701 North Haven Avenue, Suite 350
Ontario, California 91764
(909) 980-4030
This proxy statement contains information about the annual meeting of shareholders of CVB Financial Corp. to be held on Wednesday, May 21, 2008, beginning at 7:00 p.m., local time, at the Ontario Convention Center, 2000 Convention Center Way, Ontario, California 91764, and at any postponements or adjournments of the meeting. CVB Financial Corp. is also referred to as the Company in this proxy statement.
INFORMATION ABOUT THE ANNUAL MEETING AND VOTING
Why Did You Send Me This Proxy Statement?
We sent you this proxy statement and the enclosed proxy card because the Board of Directors is soliciting your vote at the 2008 Annual Meeting of Shareholders.
This proxy statement summarizes the information you need to know to cast an informed vote at the meeting. However, you do not need to attend the meeting to vote your shares. Instead, you may simply complete, sign and return the enclosed proxy card.
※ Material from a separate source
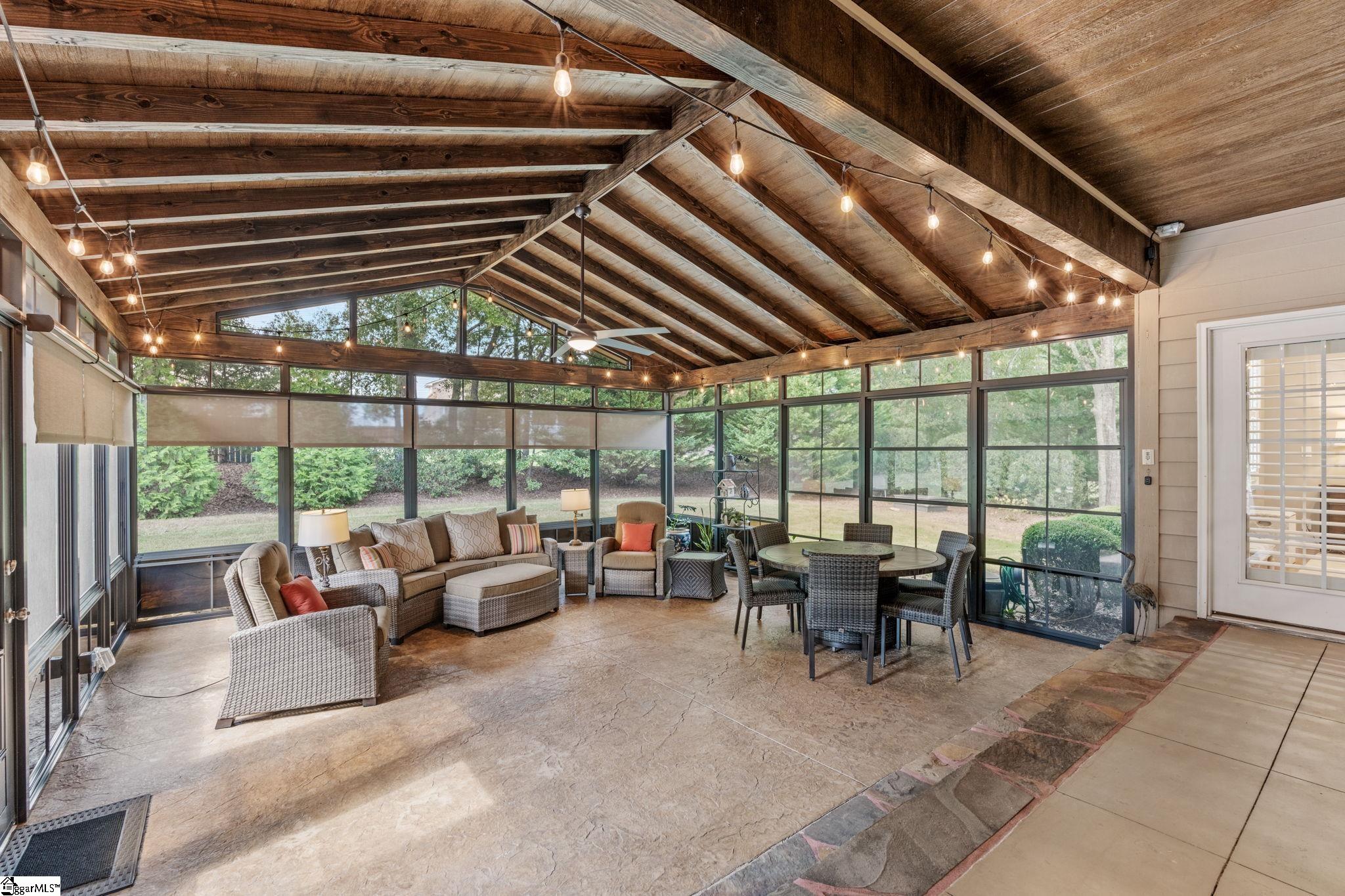 MLS #1569551 image #41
We will begin sending this proxy statement, notice of annual meeting and the enclosed proxy card on or about April 16, 2008 to all shareholders entitled to vote. The record date for those entitled to vote is March 24, 2008. On March 24, 2008, there were 83,541,549 shares of our common stock outstanding. Common stock is our only class of stock outstanding. We are also sending our Annual Report, including our Annual Report on Form 10-K, to shareholders for the year ended December 31, 2007 along with this proxy statement.
How Do I Vote By Proxy?
Whether you plan to attend the meeting or not, we urge you to complete, sign and date the enclosed proxy card and to return it promptly in the envelope provided. Returning the proxy card will not affect your right to attend the meeting and vote.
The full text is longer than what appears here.